Following his plea at court, Warwickshire Police took the lead on the Cornwall investigation and identified sexual offences against four females.

Blackwell had raped three women and secretly filmed them asleep as he sexually assaulted them. He also took covert footage of a teenage girl leaving a bathroom while undressed or partially dressed.

He appeared via video link at court again in May where he pleaded guilty to a further 20 sexual offences in Cornwall. This included nine counts of rape, four counts of sexual assault, two counts of assault by penetration and three counts of voyeurism. These offences were committed against three women between 2005 and 2019.

He also pleaded guilty to one count of taking indecent photographs of a child and a count of voyeurism in relation to the same child. 

In sentencing Judge Peter Cooke at Warwick Crown Court said it has been conclusively demonstrated Blackwell remained an ongoing danger to women and that there were good grounds for believing he would remain a serious danger to the public way into the future.

“Murderers aside, I can think of no more dangerous a person than I have crossed paths with in my 35 years of criminal law,” he told Blackwell.

Senior Investigating Officer, Detective Inspector Glenn Willcocks, from the Sexual Offences and Domestic Abuse Investigation Team in Cornwall, welcomed the sentence and said: “The DNA hit from his arrest in Cornwall began the chain of events which led to the capture of this dangerous and prolific sexual offender. This case clearly demonstrates how critical DNA profiling is to modern day policing.

“It is remarkable that Blackwell thought nothing of brazenly appearing on national television and potentially being identified by his victims. It shows the level of confidence he had in thinking he would never be caught. However his past has well and truly found him now.

“Some of his victims have lived with these devastating crimes for more than 20 years and we are delighted that he has finally been brought to justice. I would pay tribute to the incredible bravery of the victims who had to revisit the horrendous crimes they were subjected to many years ago.”

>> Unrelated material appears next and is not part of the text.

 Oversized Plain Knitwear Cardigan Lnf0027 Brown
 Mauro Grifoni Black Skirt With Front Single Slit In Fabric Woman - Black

One of his victims in Cornwall said the harm Blackwell had caused “could never be undone”, adding: “This case has been incredibly distressing. These crimes have not only affected the survivors of his crimes, but our families and friends. I would like to thank Warwickshire Police for their diligent work and the support they have shown us.”

Another Cornwall victim said:“I feel shocked by everything that has happened. I am now simply existing rather than actually living. I am too distraught by what he has done. I believe he knew what he was doing was wrong and he took great pleasure in getting away with it. He is a very devious and dangerous man. I fear that he cannot be rehabilitated and will always be a threat to women and girls.”

Assistant Chief Constable Debbie Tedds from Warwickshire Police said: “This is about Blackwell’s victims. Nothing can ever take away the pain they have suffered but I hope they can take some comfort from seeing him behind bars.

“They have shown great bravery throughout; their collective courage has ensured a very dangerous man is going to prison.

“As a detective constable working on the case for Warwickshire Police in the 1990s I saw first-hand the terror Blackwell caused in the community. We were telling women not to go out alone; something you never want to have to do as a police officer.

“Despite not being solved at the time, the offences in the Nuneaton and Birmingham were regularly reviewed for new evidence.

“It was clear that Blackwell was very careful in his offending and this may have led him to believe he had got away with it. However, the bravery of one his victims in Cornwall in reporting her ordeal at his hands and the wonders of DNA technology have ensured Blackwell’s past has caught up with him.

“The scale of his offending was astonishing; he is a very dangerous man and prison is undoubtedly the best place for him.

“I hope the outcome gives everyone the confidence that we will work tirelessly to bring sex offenders to justice no matter how long ago the offences occurred.”